ステップ2.3で改訂された実効サービス要求時間は個々のクラス毎に以下のように見積らなければならない。

  • D_{c,k}=V_{c,k}\left[seek_{c,k}+\frac{(latency_{c,k}+transfer_{c,k})(1-U_{ch}(k))}{1-U_{ch}}\right]

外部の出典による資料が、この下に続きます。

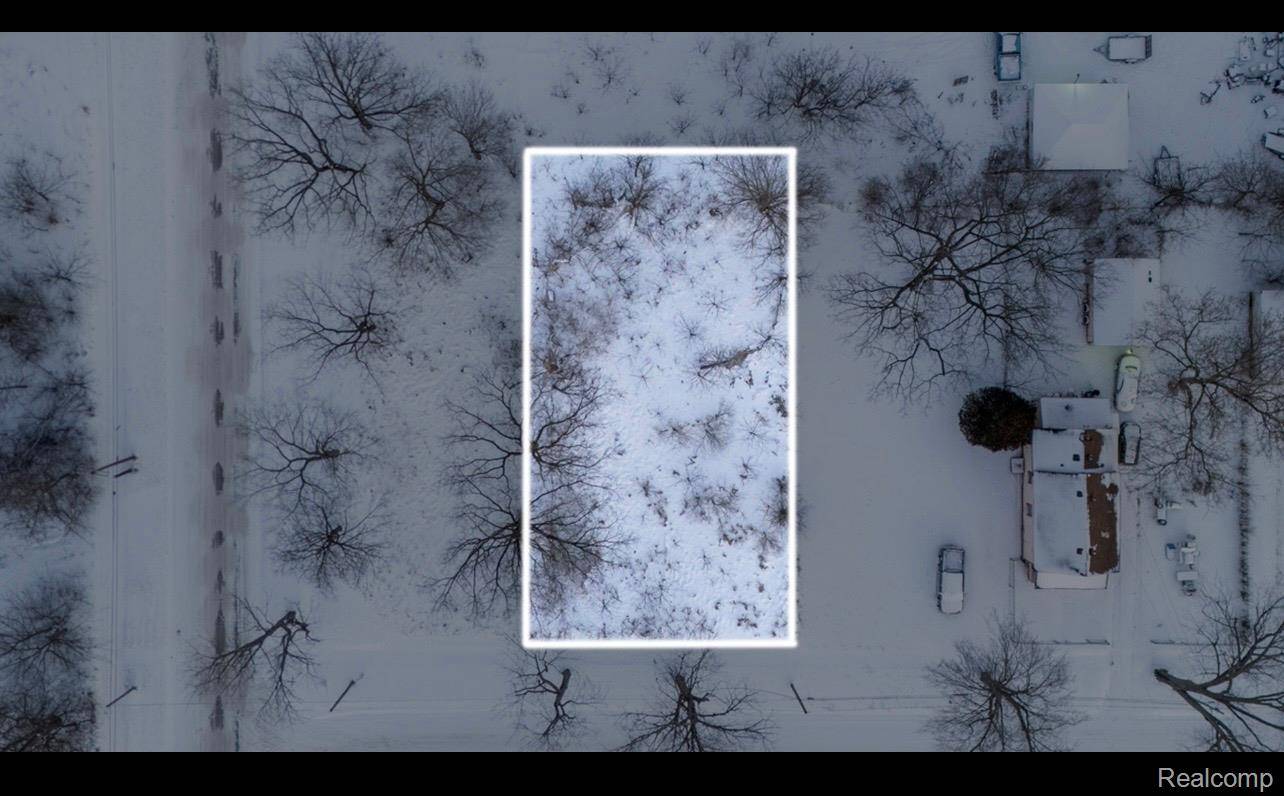 2326 Lincoln AVE, Saginaw, MI 48601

 アルゴリズム10.1は単純で、効率的で、充分正確である。さらに、その精度が疑問視されるような状況が容易に特定される。すなわち、チャネルの稼動率が高い、確かに50%より高い、大部分の適用において出会うよりも稼動率の高い状況である。この誤差の原因は我々がチャネルをオープン・システム内のセンターと見ていることである。それを我々はディクスkから到着する要求がチャネルで出会う待ち行列長の期待値を計算するのに用いた。実際には、チャネルで待つ要求の数は、オープン・システム近似が意味するように無制限ではなく、制限がある。与えられた稼動率について、オープン待ち行列ネットワーク内のサービス・センターはクローズド・ネットワーク内のサービス・センターより長い待ち行列長を持つ。よって、オープン・システム近似はチャネルでの待ち行列長を多めに見積り、よってチャネル滞在時間を多めに見積もる傾向がある。